Living in a remote pastoral area, it used to take more than an hour for Ji to get back home from school. So like most of his classmates from pastoral areas, he has come to this state-run boarding school, and only goes home at the end of every month to see his family.
Hainan is home to 27 ethnic groups, including Tibetan, Mongolian, Han and Hui. Tibetans in particular account for 65 percent of the local population. As many of them live in remote pastoral areas lacking education resources, the local government integrated the original 372 primary and middle schools in the region into 66 in 2005, helping 38,000 students in remote areas relocate to towns with better education facilities.
Striking features
Every year, the local government offers a living allowance of 2,000 yuan ($330) to every student attending Ji school and the students' parents only need to pay 500 yuan ($83). The school also provides the students with free meals.
In the past, Tibetan children were often absent from classes in April and May to dig for an expensive herb called aweto, which could help their families bring in incomes. Nowadays, thanks to the greatly upgraded education quality and remarkably increased living allowance for students, parents take their children to schools voluntarily, according to Hua Bentai, Director of the Education Bureau of Hainan.
The Ethnic Boarding Primary School offers two types of classes, classes taught in Tibetan or in Chinese. Starting in the third grade, as with all pupils across the country, students at the school begin to take English classes.
Students choose which language they want to study in. Generally speaking, students from towns like to take Chinese classes, while those from pastoral areas prefer Tibetan, as for the latter this is the language they use in their daily lives. Students who don't speak Chinese do not need to worry about any possible language barriers in future higher education, either, because the Beijing-based Minzu University of China and Lanzhou-based Northwest University for Nationalities in Gansu Province, among other specialty universities, all offer courses in indigenous languages including Tibetan.
In order to promote Tibetan culture, the school assigns three days' morning exercise to guozhuang, also known as Tibetan Bonfire dancing, every week. Members of the school's drum team also wear traditional Tibetan dress while performing in public.
In Hainan, the No.1 Minority High School is also a boarding school, with a large number of Tibetan students. The school also offers classes in two different languages.

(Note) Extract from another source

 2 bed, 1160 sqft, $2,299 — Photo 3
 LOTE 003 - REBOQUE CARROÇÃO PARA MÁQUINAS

Given that many students in the school grow up in a Tibetan-language environment, teachers spend their extracurricular time translating teaching materials from Chinese into Tibetan, so that Tibetan students can read and learn easily. Most of the materials they translate are math and science textbooks, which pose big challenges to the teachers. Nevertheless, their hard work not only benefits the school, but is also helpful to other high schools in similar situations, as this is the first time that such textbooks have been translated into the Tibetan language.